Elle fut déçue, et d’autant plus inquiète, de constater que Gaius n’avait encore envoyé aucun message. Cela ne présageait rien de bon. Elle jeta son regard à travers la vitre, comme si elle espérait l’apercevoir dehors. Le train filait si vite que le paysage ne se présentait que sous la forme d’un entrelacs de lignes colorées. On percevait le soleil amorçant sa descente, des franges d’arbres et la platitude d’un bocage. Rien qui n’évoquât l’être humain. Le train devrait marquer plusieurs arrêts avant d’arriver à Bergen. Elle se rendit compte, un peu tardivement, qu’elle aurait froid en arrivant là-bas. Elle en frissonna par avance.

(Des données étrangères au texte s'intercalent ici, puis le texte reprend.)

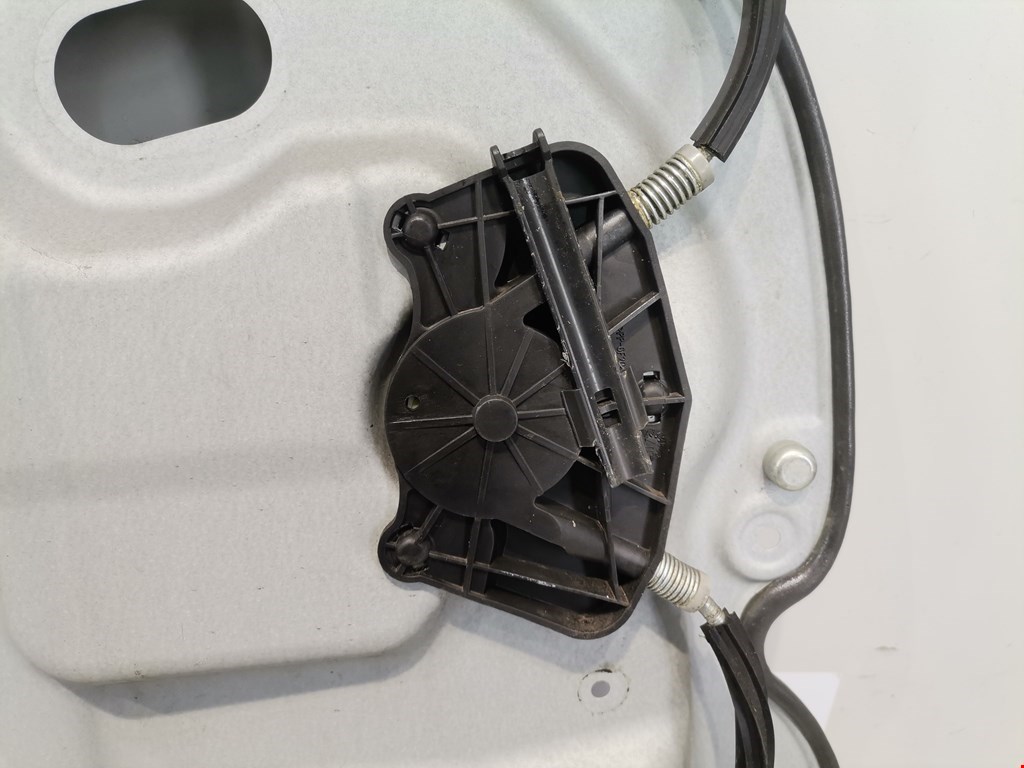 Стеклоподъемник задний правый VOLKSWAGEN Touran 2003-2010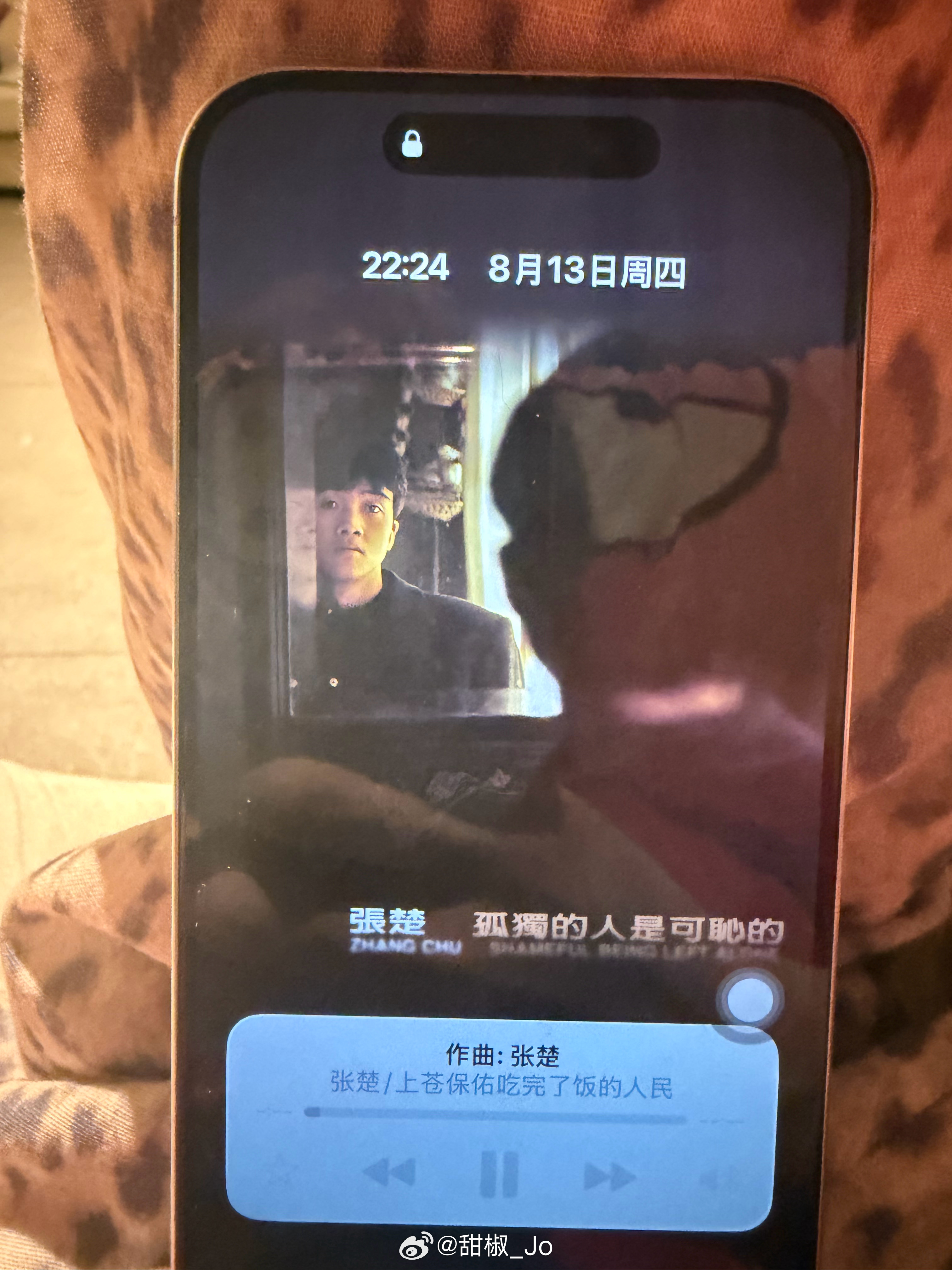 明天大场人最多的时候我能不能开始演唱我爱曲的高潮部分逼你们听完才开始发券 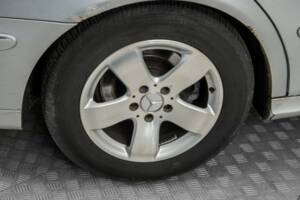 Bild 34/50 von Mercedes-Benz E 200 Kompressor T (2003)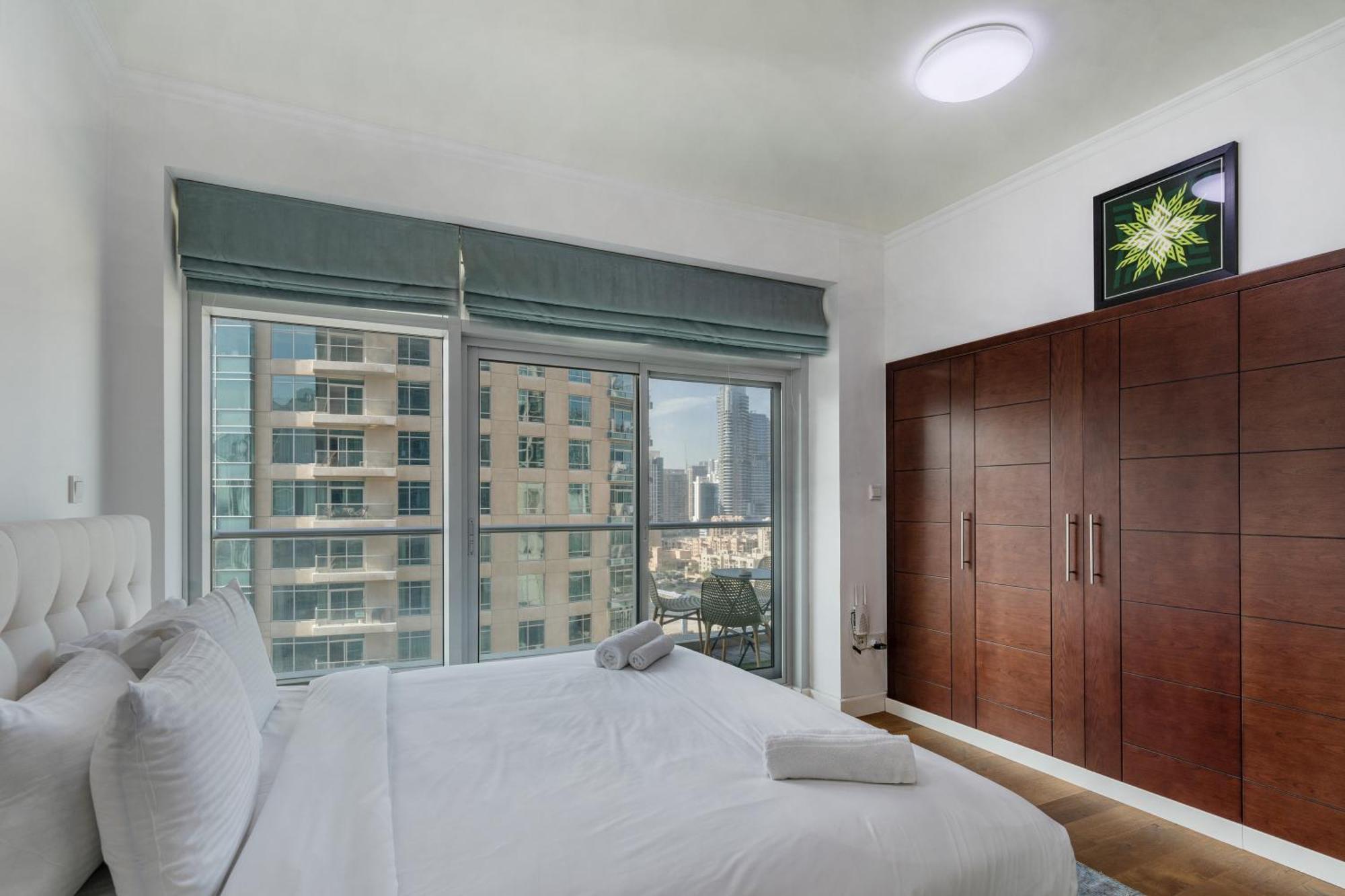 Chic 2Br Apartment, Prime Location Near Dubai Mall - Allsopp&Allsopp Exterior photo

En jetant de nouveau un œil à l’écran du lecteur, elle put constater que Gaius ne s’était toujours pas manifesté mais vit aussi que le menu affichait un dossier intitulé « thèse ». Gaius l’avait invité à lire son travail et il se trouvait qu’elle avait du temps devant elle et une vision d’horreur à essayer d’oublier. Elle ouvrit le dossier et le parcourut : elle se voyait mal lire l’intégralité d’une thèse sur un écran si petit mais elle fut soulagée de voir que son lecteur, même un peu rudimentaire – c’était le moins cher qu’elle avait pu trouver – proposait une lecture audio des fichiers écrits. Elle sortit les écouteurs achetés un peu plus tôt, les enfonça dans ses oreilles et ouvrit le fichier intitulé « Introduction ». Elle fut surprise d’entendre la voix un peu rauque de Gaius lire studieusement :
« Dix années d’informations oubliées : une Histoire des Médias d’avant la Première Pandémie »
Par défaut, le lecteur utilisait la voix du propriétaire de la puce-mère. Hétaïre en fut, malgré elle, heureuse. Même si Gaius était injoignable, il lui paraissait tout proche. Elle eut aussi le sentiment que le mystère qui l’entourait, et n’avait cessé de s’épaissir, était sur le point de s’effilocher doucement, à l’image du paysage emporté par la vitesse.
« Dix années d’informations oubliées : une Histoire des Médias d’avant la Première Pandémie
« Thèse de doctorat soutenue par Gaius Gazineau, lui permettant d’obtenir le garde de Docteur en Etudes appliquées des Archives médiatiques.
« Comme il est d’usage dans un travail comme le nôtre, nous allons revenir succinctement sur les motifs qui nous ont amené à traiter de notre sujet et sur l’élaboration de notre corpus.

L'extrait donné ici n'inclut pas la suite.